• **YOUR GOAL**: Copy word for word the lines of the records below, beginning at the one with "spider in the parkの写真素材" and finishing at the one with "Marigold Flower Partie", ends included, but none of the pictures.

• **THE DATA**:
BEGIN

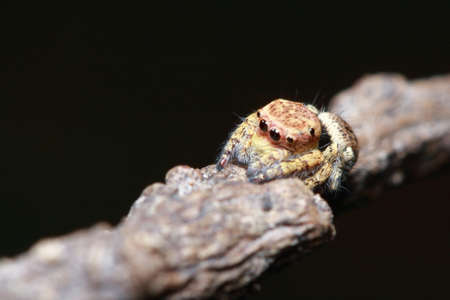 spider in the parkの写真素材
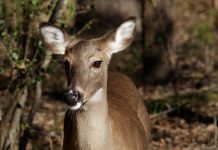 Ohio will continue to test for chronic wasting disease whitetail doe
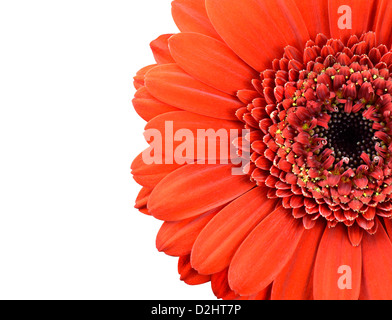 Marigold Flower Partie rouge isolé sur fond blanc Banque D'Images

END
BEGIN

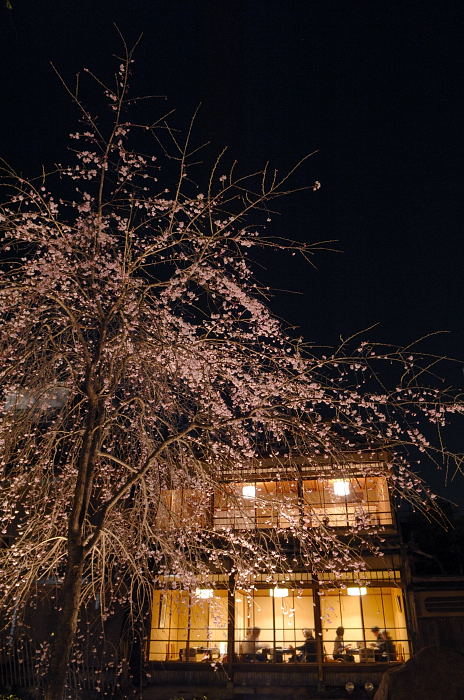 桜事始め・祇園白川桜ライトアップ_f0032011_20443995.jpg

END

• **COMPLETED TASK**:
 spider in the parkの写真素材
 Ohio will continue to test for chronic wasting disease whitetail doe
 Marigold Flower Partie rouge isolé sur fond blanc Banque D'Images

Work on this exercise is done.